▸ **Study material**:
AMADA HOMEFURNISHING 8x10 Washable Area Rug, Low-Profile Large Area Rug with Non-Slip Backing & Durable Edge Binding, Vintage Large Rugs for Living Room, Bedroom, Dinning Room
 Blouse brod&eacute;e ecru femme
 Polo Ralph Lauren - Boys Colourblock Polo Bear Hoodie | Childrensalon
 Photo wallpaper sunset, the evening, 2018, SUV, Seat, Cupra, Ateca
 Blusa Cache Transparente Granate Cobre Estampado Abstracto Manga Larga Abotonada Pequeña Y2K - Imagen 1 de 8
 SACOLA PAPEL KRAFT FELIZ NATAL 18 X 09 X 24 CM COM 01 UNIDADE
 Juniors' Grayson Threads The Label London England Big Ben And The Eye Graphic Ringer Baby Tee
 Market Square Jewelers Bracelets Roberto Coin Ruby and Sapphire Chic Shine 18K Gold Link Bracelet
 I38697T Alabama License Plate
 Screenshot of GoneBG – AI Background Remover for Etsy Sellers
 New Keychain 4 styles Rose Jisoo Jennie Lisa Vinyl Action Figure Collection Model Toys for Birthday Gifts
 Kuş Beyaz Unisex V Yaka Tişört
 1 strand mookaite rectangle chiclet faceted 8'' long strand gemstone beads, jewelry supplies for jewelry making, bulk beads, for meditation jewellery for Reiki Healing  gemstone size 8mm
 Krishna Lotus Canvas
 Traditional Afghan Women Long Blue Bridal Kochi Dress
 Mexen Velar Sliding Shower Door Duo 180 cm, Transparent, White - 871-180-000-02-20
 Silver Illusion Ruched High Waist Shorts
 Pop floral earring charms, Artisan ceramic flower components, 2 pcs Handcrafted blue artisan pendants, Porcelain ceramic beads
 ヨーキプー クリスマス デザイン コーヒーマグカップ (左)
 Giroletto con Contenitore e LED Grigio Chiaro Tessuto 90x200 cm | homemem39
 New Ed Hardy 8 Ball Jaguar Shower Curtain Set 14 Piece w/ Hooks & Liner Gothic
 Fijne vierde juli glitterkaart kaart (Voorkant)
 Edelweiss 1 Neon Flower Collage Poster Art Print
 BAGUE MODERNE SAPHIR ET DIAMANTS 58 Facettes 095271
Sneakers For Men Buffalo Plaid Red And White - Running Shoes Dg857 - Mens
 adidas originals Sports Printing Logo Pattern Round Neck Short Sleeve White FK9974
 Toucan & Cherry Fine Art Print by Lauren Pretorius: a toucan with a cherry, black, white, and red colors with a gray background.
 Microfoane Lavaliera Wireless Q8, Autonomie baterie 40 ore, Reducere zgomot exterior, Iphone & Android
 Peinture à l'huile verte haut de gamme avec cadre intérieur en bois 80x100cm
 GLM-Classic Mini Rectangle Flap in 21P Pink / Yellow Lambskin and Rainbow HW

▸ **Exercise instructions**:
An exact copy of every record is needed.

▸ **Task result**:
AMADA HOMEFURNISHING 8x10 Washable Area Rug, Low-Profile Large Area Rug with Non-Slip Backing & Durable Edge Binding, Vintage Large Rugs for Living Room, Bedroom, Dinning Room
 Blouse brod&eacute;e ecru femme
 Polo Ralph Lauren - Boys Colourblock Polo Bear Hoodie | Childrensalon
 Photo wallpaper sunset, the evening, 2018, SUV, Seat, Cupra, Ateca
 Blusa Cache Transparente Granate Cobre Estampado Abstracto Manga Larga Abotonada Pequeña Y2K - Imagen 1 de 8
 SACOLA PAPEL KRAFT FELIZ NATAL 18 X 09 X 24 CM COM 01 UNIDADE
 Juniors' Grayson Threads The Label London England Big Ben And The Eye Graphic Ringer Baby Tee
 Market Square Jewelers Bracelets Roberto Coin Ruby and Sapphire Chic Shine 18K Gold Link Bracelet
 I38697T Alabama License Plate
 Screenshot of GoneBG – AI Background Remover for Etsy Sellers
 New Keychain 4 styles Rose Jisoo Jennie Lisa Vinyl Action Figure Collection Model Toys for Birthday Gifts
 Kuş Beyaz Unisex V Yaka Tişört
 1 strand mookaite rectangle chiclet faceted 8'' long strand gemstone beads, jewelry supplies for jewelry making, bulk beads, for meditation jewellery for Reiki Healing  gemstone size 8mm
 Krishna Lotus Canvas
 Traditional Afghan Women Long Blue Bridal Kochi Dress
 Mexen Velar Sliding Shower Door Duo 180 cm, Transparent, White - 871-180-000-02-20
 Silver Illusion Ruched High Waist Shorts
 Pop floral earring charms, Artisan ceramic flower components, 2 pcs Handcrafted blue artisan pendants, Porcelain ceramic beads
 ヨーキプー クリスマス デザイン コーヒーマグカップ (左)
 Giroletto con Contenitore e LED Grigio Chiaro Tessuto 90x200 cm | homemem39
 New Ed Hardy 8 Ball Jaguar Shower Curtain Set 14 Piece w/ Hooks & Liner Gothic
 Fijne vierde juli glitterkaart kaart (Voorkant)
 Edelweiss 1 Neon Flower Collage Poster Art Print
 BAGUE MODERNE SAPHIR ET DIAMANTS 58 Facettes 095271
Sneakers For Men Buffalo Plaid Red And White - Running Shoes Dg857 - Mens
 adidas originals Sports Printing Logo Pattern Round Neck Short Sleeve White FK9974
 Toucan & Cherry Fine Art Print by Lauren Pretorius: a toucan with a cherry, black, white, and red colors with a gray background.
 Microfoane Lavaliera Wireless Q8, Autonomie baterie 40 ore, Reducere zgomot exterior, Iphone & Android
 Peinture à l'huile verte haut de gamme avec cadre intérieur en bois 80x100cm
 GLM-Classic Mini Rectangle Flap in 21P Pink / Yellow Lambskin and Rainbow HW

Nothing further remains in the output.